ING Groep on Thursday launched a 1 billion euro ($1.2 billion) share buyback as it beat quarterly profit expectations, boosted by a strong performance across the board with costs lower than anticipated.
The bank’s first-quarter profit stood at 1.56 billion euros, ahead of the 1.43 billion euros forecast by analysts polled by the lender and around 100 million euros higher than last year’s result.
“Total income has risen 3% (…) supported by strong commercial net interest income and a 13% year-on-year increase in fee income,” the lender’s CEO Steven van Rijswijk said in a statement.

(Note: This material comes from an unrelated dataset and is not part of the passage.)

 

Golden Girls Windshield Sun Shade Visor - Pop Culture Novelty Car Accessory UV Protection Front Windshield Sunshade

ING said the double-digit increase in fee income was partly driven by higher customer trading activity, boosting its push to lift net fee and commission income as lower interest rates weigh on lending revenues.

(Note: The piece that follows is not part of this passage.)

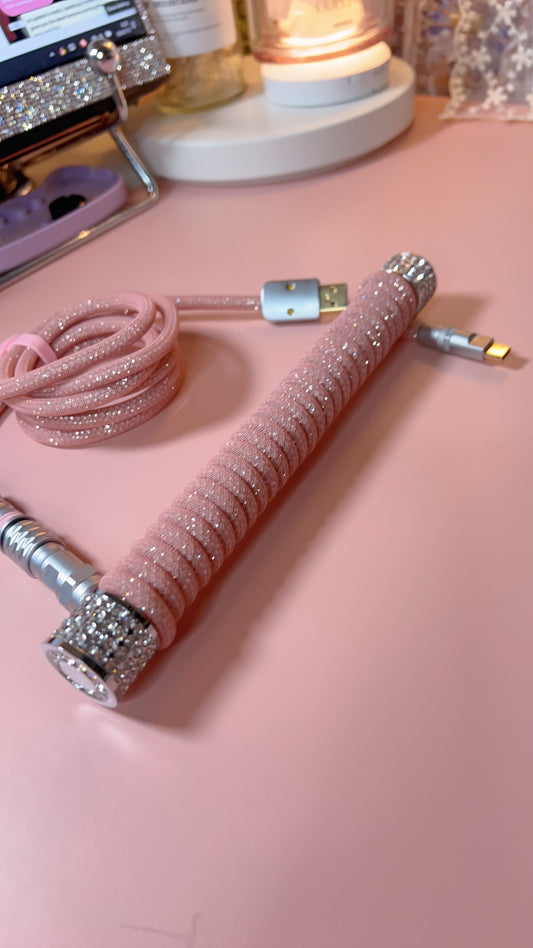 strawberryjam1986 diamond pink coiled mechanical keyboard cable set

As euro zone interest rates came down to 2%, European banks bet on fees to spearhead their continued growth in profitability and offset slower progress of net interest income.

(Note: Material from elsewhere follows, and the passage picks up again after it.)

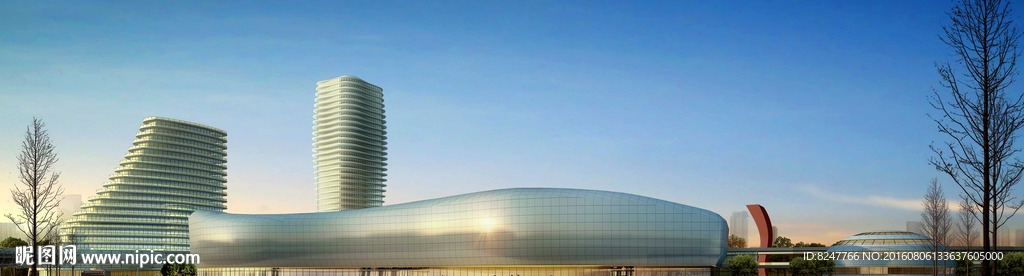 鲸鱼型会展中心建筑效果图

The bank confirmed its outlook for 2026 and 2027. Its net interest income – the difference between the interest gathered from borrowers and paid out to depositors – climbed by 7% to 4.06 billion euros.
After flatlining in 2025 after the European Central Bank brought down interest rates as inflation slowed down, the metric is set to pick up again in 2026 and 2027, according to analysts at UBS.
Additionally, with the war in the Middle East upending trade of crucial resources, inflation risks may force central banks around the world to start lifting rates once more, which would further boost lenders’ interest income.
ING’s France-based peers Societe Generale and Credit Agricole also posted their quarterly reports on Thursday with the latter missing expectations due to higher provisions on Iran war uncertainty.